### [Supplied data]
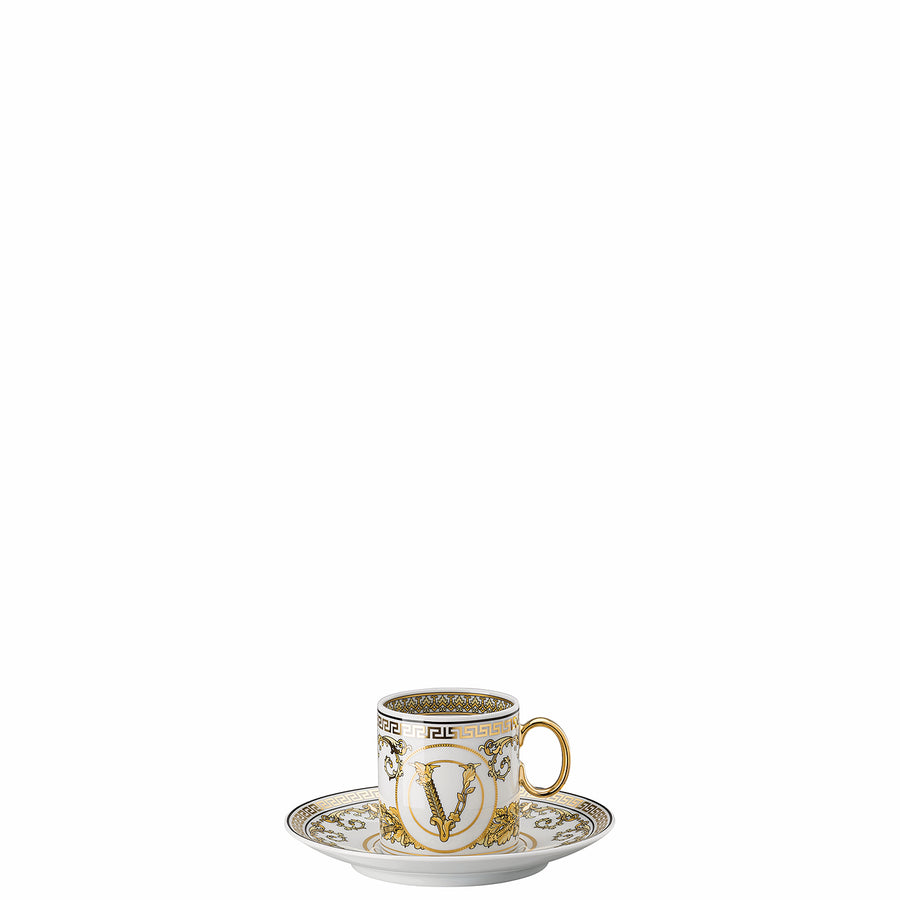 VERSACE | Virtus Gala White Espresso Cup & Saucer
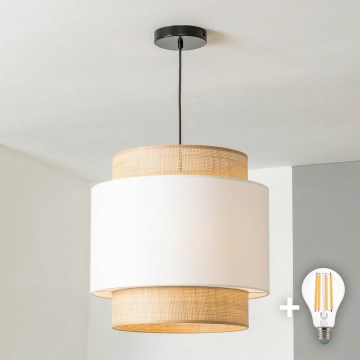 Brilagi - LED lestenec na kablu CERIA 1xE27/40W/230V Ø 30 cm črna/bež/bela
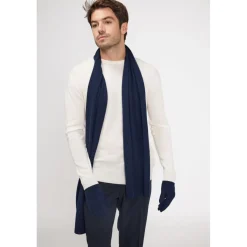 Echarpe etole unisexe en cachemire bleu marine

### [Work task]
All of the data above must be printed exactly, minus its pictures.

### [Exercise solution]
 VERSACE | Virtus Gala White Espresso Cup & Saucer
 Brilagi - LED lestenec na kablu CERIA 1xE27/40W/230V Ø 30 cm črna/bež/bela
 Echarpe etole unisexe en cachemire bleu marine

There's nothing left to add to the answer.